The Mets would like to make an upgrade at shortstop and Seattle’s Nick Franklin is reportedly available via trade. There’s a potential match there, but the Mets will have to part with something of quality in order to make it happen.
Yes, the Mariners have a glut of middle infielders due to the signing of second baseman Robinson Cano and the emergence of young shortstop Brad Miller. No, that doesn’t mean the Mets – or any team – will be able to swoop in and acquire Franklin for a mid-tier prospect or a reliever. That’s not how this works.
Franklin, 22, is viewed by pretty much every scout who’s ever watched him as a plus bat. There are some who worry about his ability to stick at shortstop for the long haul, and some who think he can be just about average there.

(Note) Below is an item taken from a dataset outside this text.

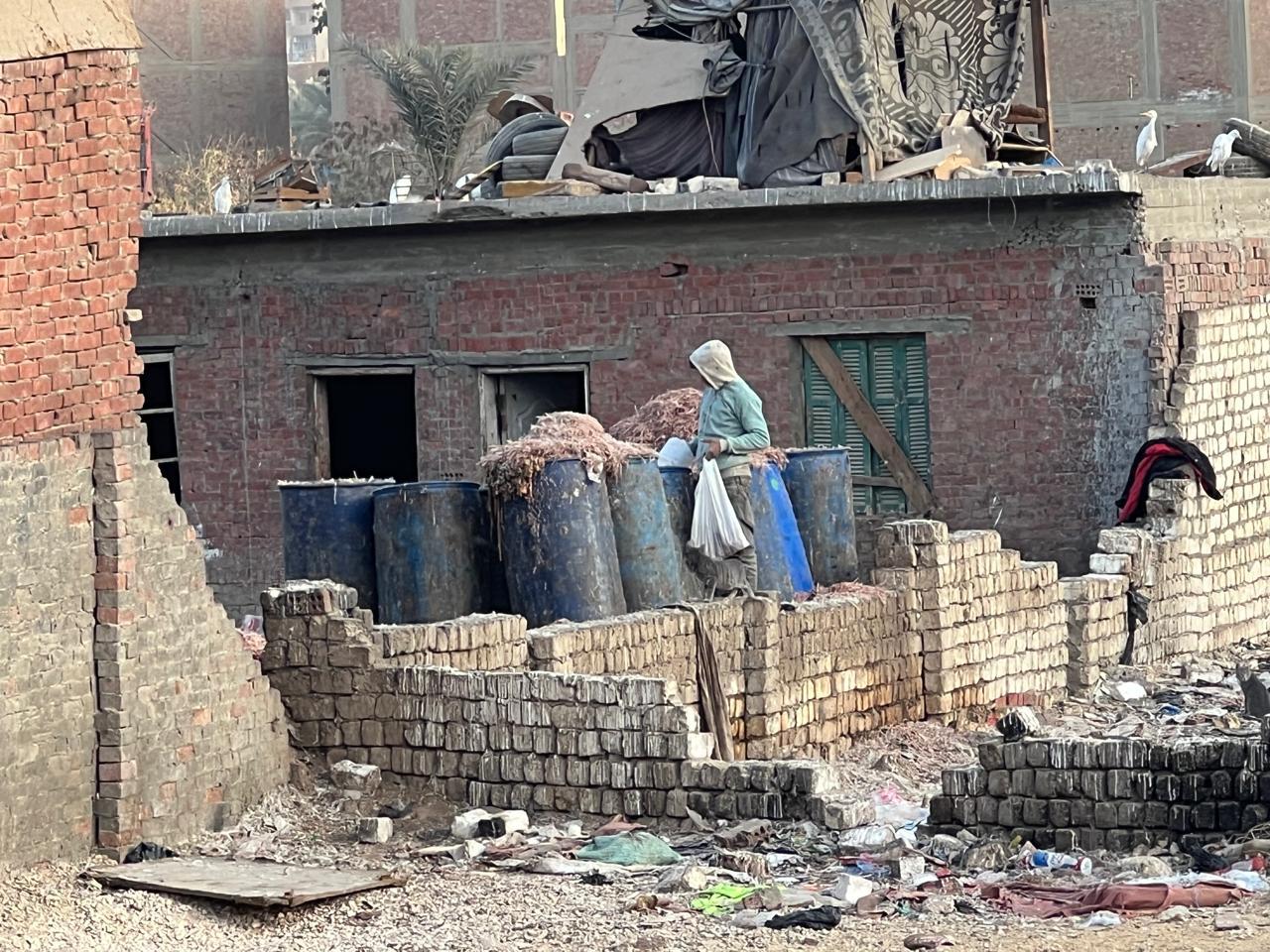 مخلفات الطيور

If the Mets feel Franklin can handle shortstop, they should strongly consider dealing for him. If they think Franklin will have to switch to second base, he becomes much less appealing.
According to Baseball Prospectus, Franklin profiles as a player who “stands out for his ability to make consistent hard contact and drive the ball to all fields. He has a line-drive swing that will max out with 15-18 home runs a year, but should also generate 30-plus doubles at his peak. Franklin’s swing is simple and compact from the left side, allowing him to work counts and hit for a high average.”
Let’s say for the sake of argument that Mets people believe Franklin will be able to stick at shortstop.
That would make Franklin a 22 year old switch hitting shortstop who has the ability to hit for both average and power. There’s tremendous value in that.
What would the Mets have to give up for him?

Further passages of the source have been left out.